Between December 2014 and November 2015, patients with colorectal cancer were retrospectively enrolled. All CT findings were retrospectively reported. A total of 285 patients were included, and their retrospectively collected data were retrospectively reviewed, focusing on a comparison between preoperative and postoperative staging.
The overall prediction accuracy of the T stage was 55.1%, with overstaging occurring in 63 (22.1%) and understaging in 65 patients (22.8%). The sensitivity and specificity were 90.0% and 68.4%, respectively. The overall prediction accuracy of the N stage was 54.7%, with overstaging occurring in 89 (31.2%) and understaging in 40 patients (14.1%). The sensitivity and specificity were 71.9% and 63.2%, respectively. The CT accuracies by pathologic stage were 0%, 62.2%, 25.3%, and 81.2% for stages 0 (Tis N0), I, II, and III, respectively.

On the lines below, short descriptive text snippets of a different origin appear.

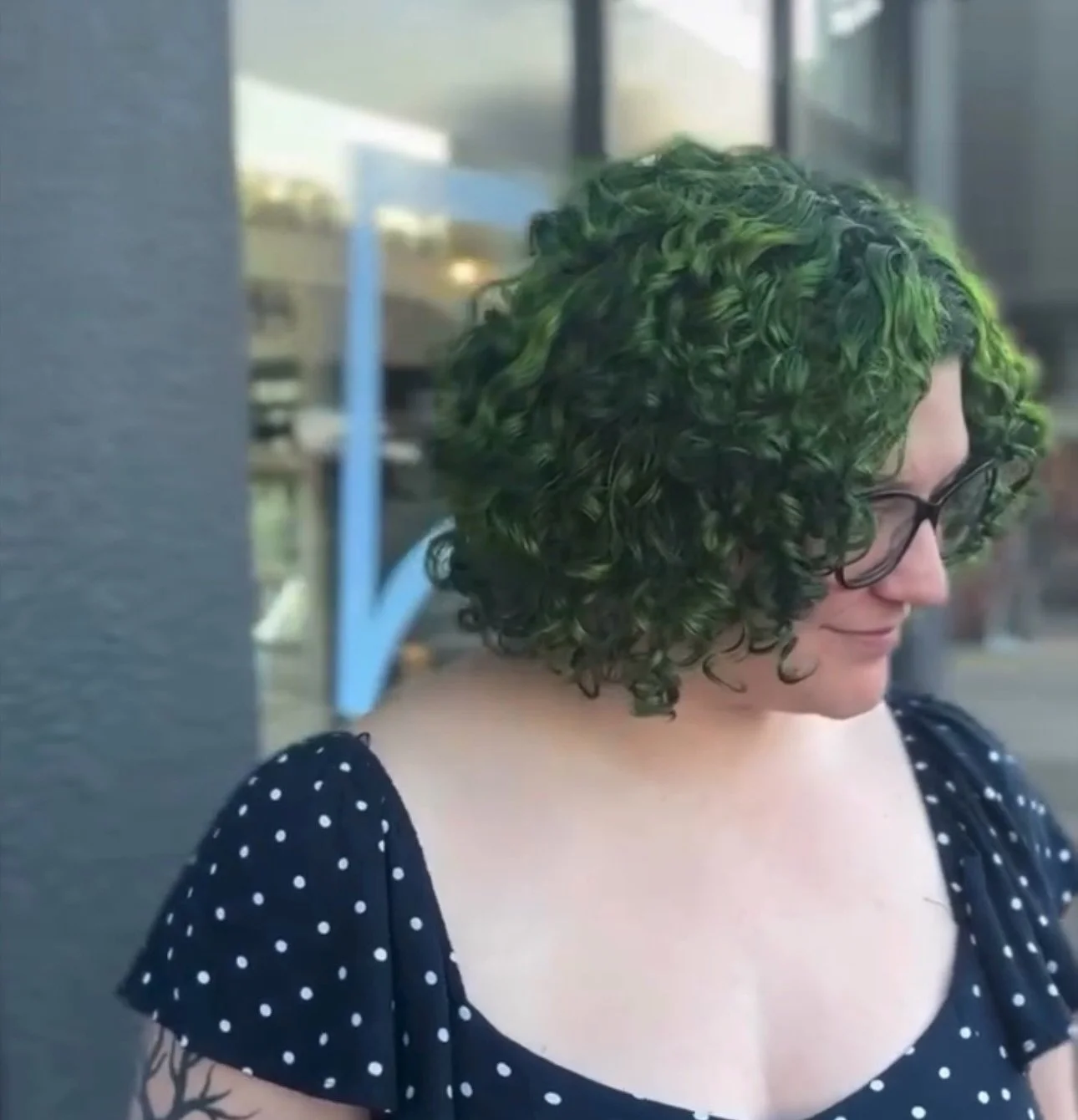 💚 Bold. Beautiful. Unforgettable. 💚 if you could choose a vivid hair transformation, what color would you do? Share below!⬇️⬇️
@hairby.yessi brought her guest&rsquo;s dream hair to life with this vivid green and perfect curls. Using Kuene professio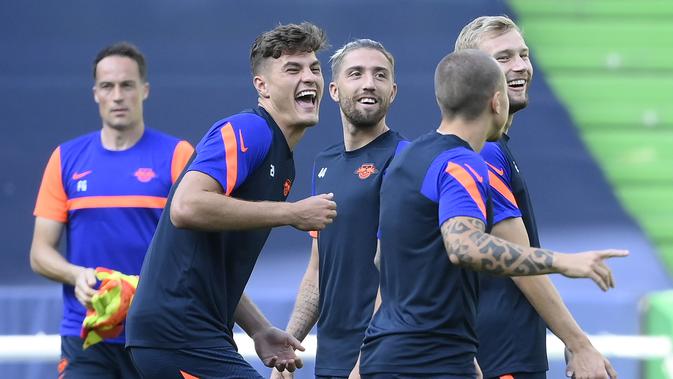 Para pemain Leipzig berlatih di Stadion Jose Alvalade, Lisbon, Portugal, Rabu (12/8/2020). Leipzig akan menghadapi Atletico Madrid pada perempat final Liga Champions. (Lluis Gene/Pool via AP)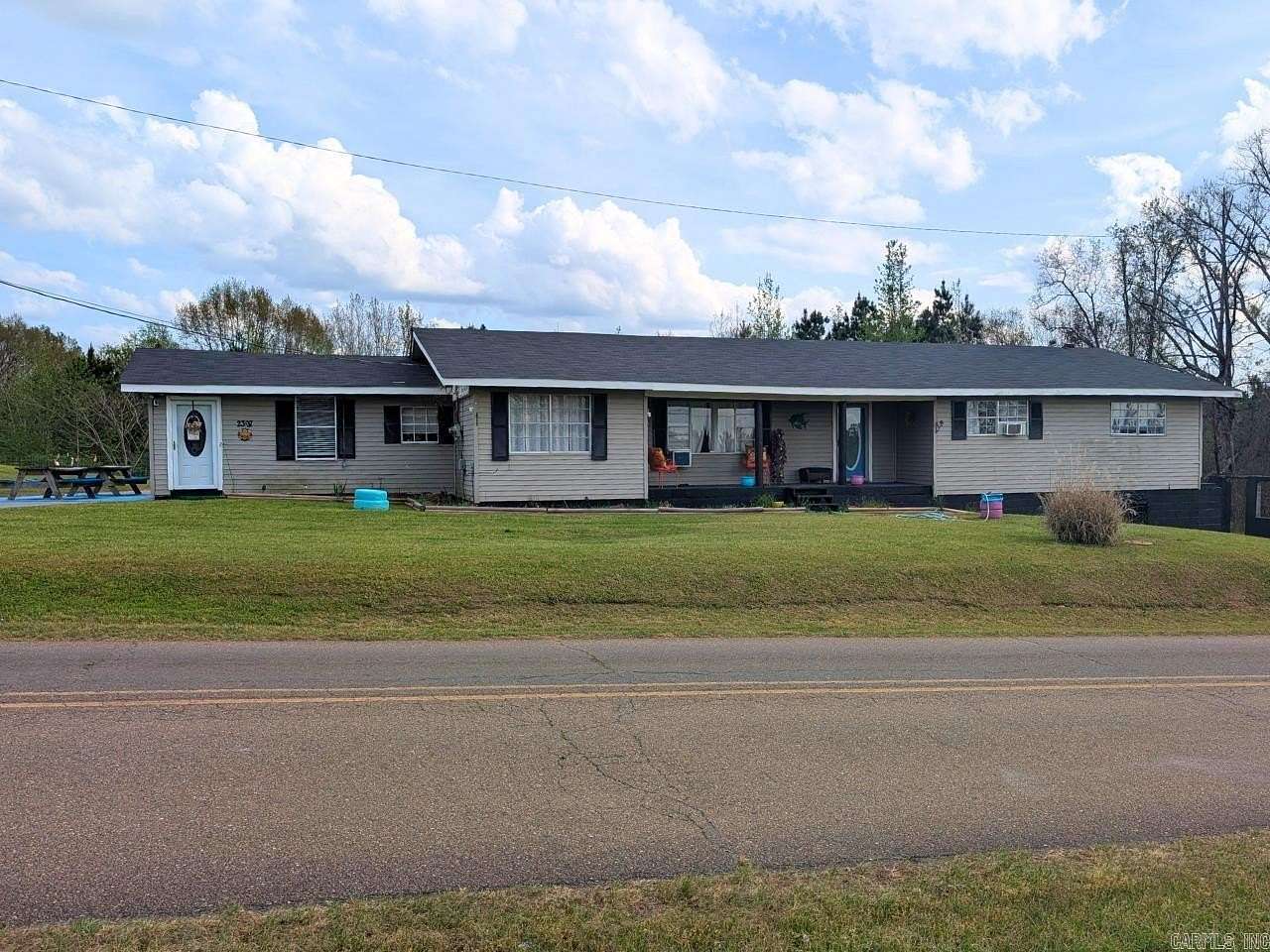 4.43 Acres of Land with Home for Sale in Camden, Arkansas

CT has good sensitivity for detecting colon cancers with tumor invasion beyond the bowel wall. However, detection of nodal involvement using CT is unreliable. In our opinion, abdominal CT alone has limitations in predicting the local staging of colorectal cancer, and additional technologies, such as CT plus positron emission tomography and/or colonography, will improve its accuracy.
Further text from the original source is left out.